The legislation allows a court to enter an order barring a person who has been previously adjudged a vexatious litigant from filing any new litigation in pro per absent prior leave from the presiding judge or presiding justice of the court in which the action is proposed to be filed.
The reference to presiding justices was added by amendment in 2011, consistent with case law holding that the restrictions apply to appeals all well as to suits filed in trial courts. Yesterday’s ruling came in a landlord-tenant action in which Sylvia Chan, a real estate agent acting on behalf of a landlord, sought to evict a tenant from an Alhambra apartment. The tenant, Aleyamma John, fought the eviction, claiming she owned no rent.
A writ of possession issued after a Los Angeles Superior Court jury found for the landlord.
John, representing herself, appealed both the judgment and a post-judgment order granting Chan $40,000 in attorney fees. After the appeals were briefed, Superior Court Appellate Division Presiding Judge Patti Jo McKay stayed proceedings, noted that John had been declared a vexatious litigant by Div. Three of the Court of Appeal while litigating a previous landlord-tenant matter.

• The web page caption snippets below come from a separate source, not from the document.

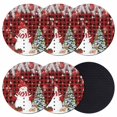 thumbnail image 1 of Red Plaid Christmas Coasters Set of 6, Absorbent Coasters for Drinks, Snowman Xmas Balls Pine Needle Tree Coaster for Desk Coffee Table Protection, Home Decor House Warming Gifts 4", 1 of 8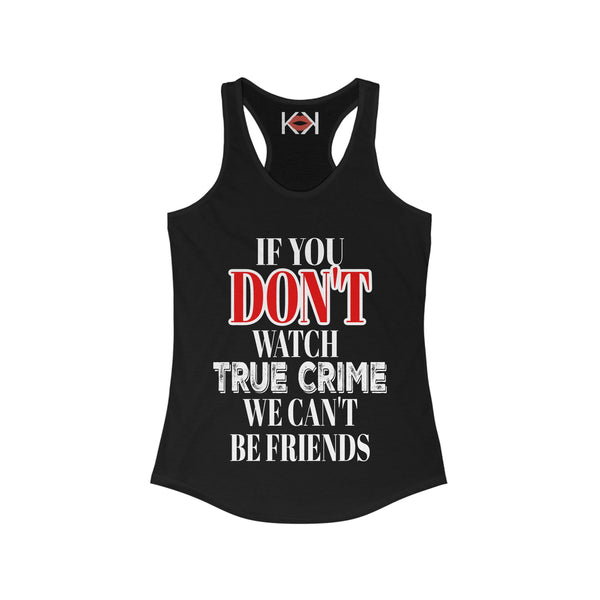 front of women's black murder tank top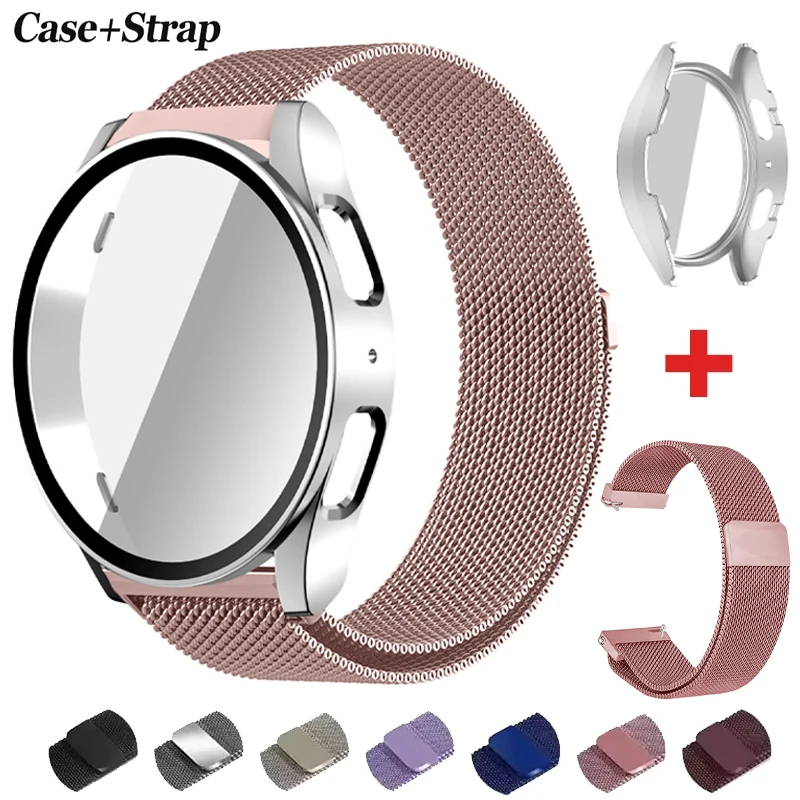 

Чехол + ремешок для Samsung Galaxy Watch 7/6/5/4 44 мм 40 мм без зазоров, металлический браслет, сменный браслет в миланской петле, чехол для ПК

McKay gave the plaintiff 10 days to retain a lawyer or obtain leave to proceed in pro per under §391.7. The jurist McKay subsequently denied leave to proceed, concluding that John failed to show that the appeals had merit.
Court of Appeal Opinion
Div. Seven of this district’s Court of Appeal, in an opinion by Presiding Justice Dennis Perluss, reversed. The panel said requiring a prefiling order of a pro per defendant seeking to appeal an adverse judgment is contrary to the language and history of the statute.
Chin, writing for the high court yesterday, agreed. He rejected the dictum of In re R.H. (2009) 170 Cal.App.4th 678, which held that an appealing defendant is a “plaintiff” under §391.7 once the appeal is filed.
“The R.H. court reached an untenable conclusion on this point,” he said, noting that a case it relied on, McColm v. Westwood Park Assn. (1998) 62 Cal.App.4th 1211, involved an appeal by a vexatious litigant plaintiff, not a defendant.
“Thus, Chan’s reliance on R.H. is misplaced, and her additional contention that we should reverse the Court of Appeal’s judgment in order to ‘close up’ the perceived ‘loophole’ in the Legislature’s drafting of section 391.7 is unpersuasive,” he wrote. “Changing the language and the intent of the definitions in section 391 and the scope of amended section 391.7 in the statutory scheme to give it Chan’s expansive interpretation — defining appealing defendants as plaintiffs and responding plaintiffs as defendants — would ignore the statute’s plain words and the 2011 amendment to section 391.7, as well as undermine its reasonable application.”
John v. Superior Court (Chan), 16 S.O.S. 2287, was argued in the Supreme Court by John, representing herself; Pasadena attorney Raymond Zakari, for Chan; Tulare County Deputy County Counsel Kevin Stimmel, for the county as amicus supporting Chan; and Ronald Mazzaferro, an amicus supporting John.